Is the greater good no longer good enough?
Is the greater good no longer good enough?
11 Jul 2025
I spend much of my time engaging with pension scheme trustees and their corporate sponsors. Lately, one reaction has caught me off guard: the surprisingly muted, if not outright negative, response to the upcoming 2025 Pension Schemes Bill.
This reaction has been both surprising and disappointing. The Bill introduces a statutory power allowing trustees of defined benefit (DB) pension schemes to amend scheme rules and distribute surplus funds, either to improve member benefits or reimburse sponsoring employers who have historically funded these surpluses, or both. In a time of persistent inflation and constrained public and private investment, this should be a cause for celebration.
A £1 Trillion Opportunity
The UK’s DB pension schemes collectively manage over £1.4 trillion in assets. Many are now in surplus, with the Purple Book 2024 reporting that 39% of the largest schemes are fully funded on a buy-out basis. The potential release of even a fraction of these surpluses could unlock tens of billions of pounds annually for reinvestment into businesses, infrastructure, and innovation.

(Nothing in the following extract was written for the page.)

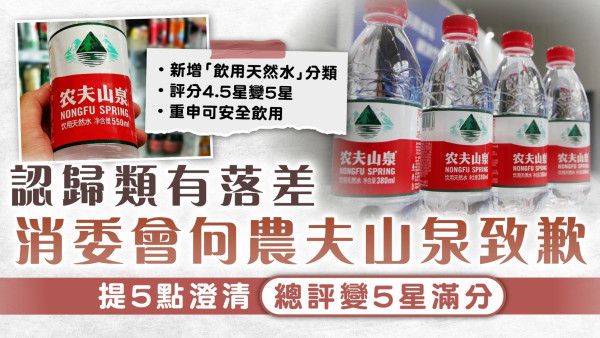 消委會農夫山泉｜認歸類有落差消委會向農夫山泉致歉 提5點澄清總評變5星滿分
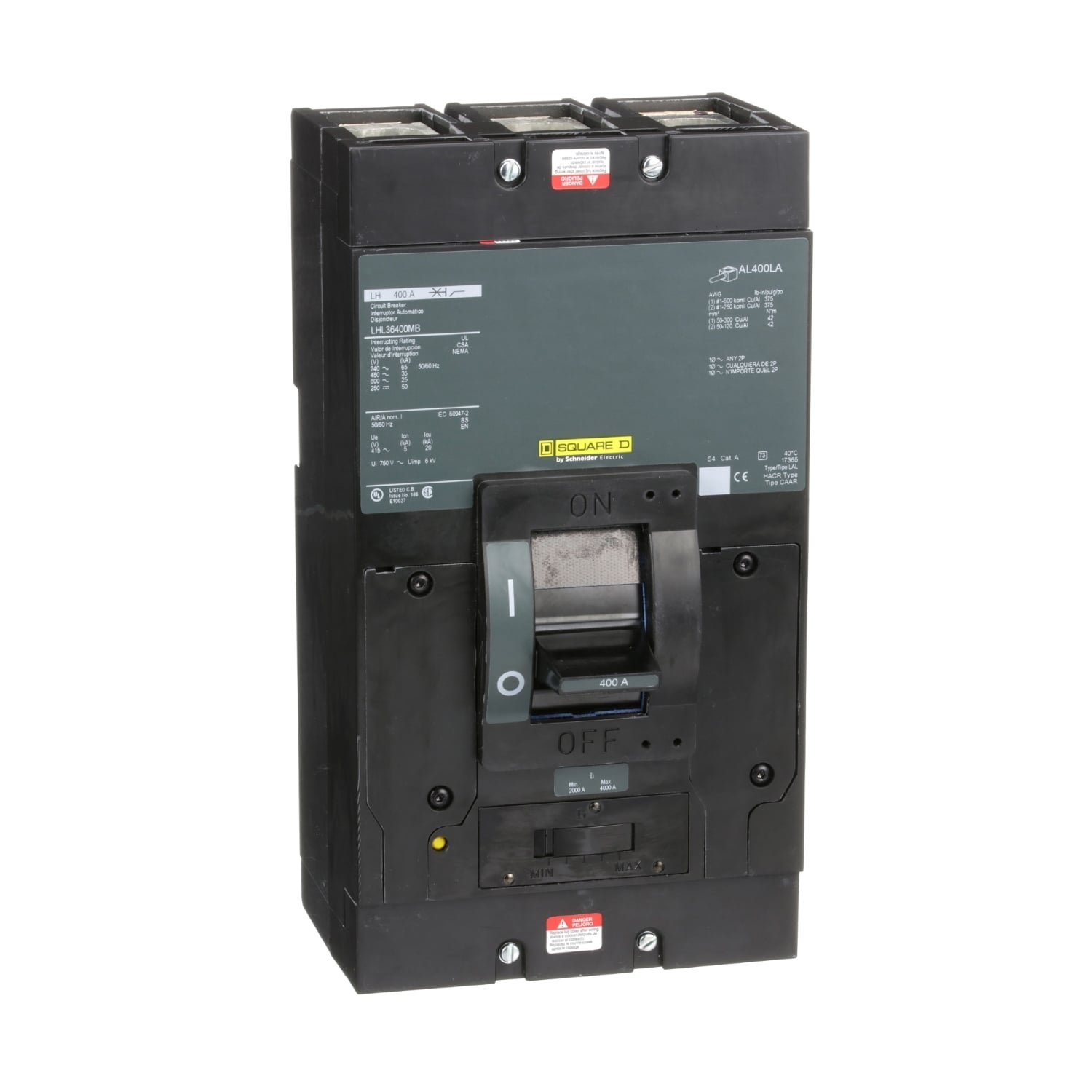 LHL36400MB Adjustable High Interrupt Molded Case Circuit Breaker, 600 V AC/250 V DC, 400 A, 65 kA at 240 VAC/35 kA at 480 VAC/25 kA at 600 VAC/50 kA at 125/250 VDC Interrupt, 3 Poles, Thermal Magnetic Trip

This is not just a financial opportunity; it’s a national one. The UK has suffered from chronic underinvestment in infrastructure and R&D. According to the OECD, the UK ranks below the G7 average in both public investment and business R&D intensity. Redirecting pension capital could help reverse this trend and restore global competitiveness.
So Why the Resistance?
Despite the potential, many trustees and sponsors remain hesitant. The most common objections fall into three categories: complexity, risk, and worthwhileness. Let’s address each.

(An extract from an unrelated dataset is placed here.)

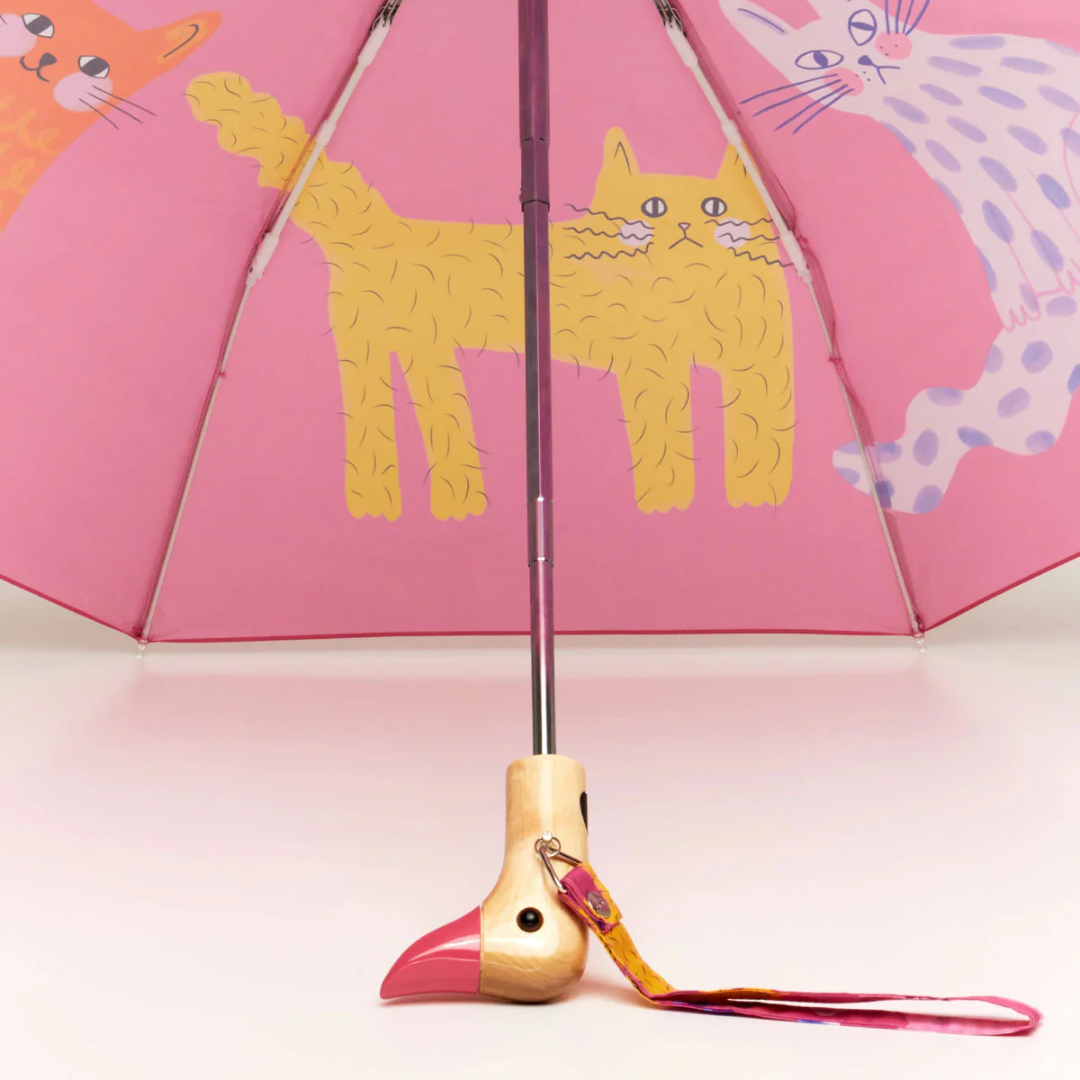 Ombrello richiudibile Fuchsia con Gatti - Original Duckhead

- Complexity - Yes, the regulatory landscape is evolving. But the core responsibilities of trustees—fiduciary duty, prudent investment, and member protection—remain unchanged. The UK pensions industry is among the most sophisticated in the world, with deep actuarial, legal, and investment expertise. The notion that we are incapable of navigating these changes underestimates the talent and professionalism of the sector.
Moreover, the Bill provides a statutory override to amend scheme rules, simplifying what was previously a legal minefield. This is a pragmatic step forward, not a bureaucratic burden. - Risk - Let’s be clear: no one is advocating reckless risk-taking. But the current orthodoxy—de-risking through bulk annuities—often results in value destruction. Pension schemes are selling assets at discounts to their market value, simply to get deals done at any cost, because there is surplus to spare. In 2024/25 alone, bulk annuity volumes approached £48 billion, with record deal activity. But given their regulatory status, pension schemes have much greater flexibility to invest productively than more heavily regulated insurers.
Today, secure investments with cashflow-matching characteristics are yielding over 10% per annum—a level not seen in decades. Even modest allocations to such assets could generate tens of billions in additional value annually. The real risk lies in inaction—in forfeiting long-term value creation for short-term certainty. - Worthwhileness - This is perhaps the most frustrating objection. I’ve heard trustees and mid-level executives dismiss hundreds of millions in potential upside as “not worthwhile” because “we’re not in the business of running pensions.”
But we are. And we must be. Over the next 30 years, the vast majority of DB assets will be paid out. The time to act is now. We missed the opportunity to create a sovereign wealth fund from North Sea oil. Let’s not miss the chance to do so with the pension wealth of the baby boomer generation.
This is a once-in-a-generation opportunity to reshape the UK’s economic future. The Government has taken a bold step. Now it’s up to fiduciaries to match that ambition.
Conclusion: The greater good still matters
The 2025 Pension Schemes Bill is not perfect. Many details—particularly around surplus use and member protections—are still to be clarified. But the direction is right. It empowers trustees and sponsors to pursue strategies that preserve value, reward stakeholders, and contribute to broader societal benefit. The greater good is still good enough. In fact, it’s essential.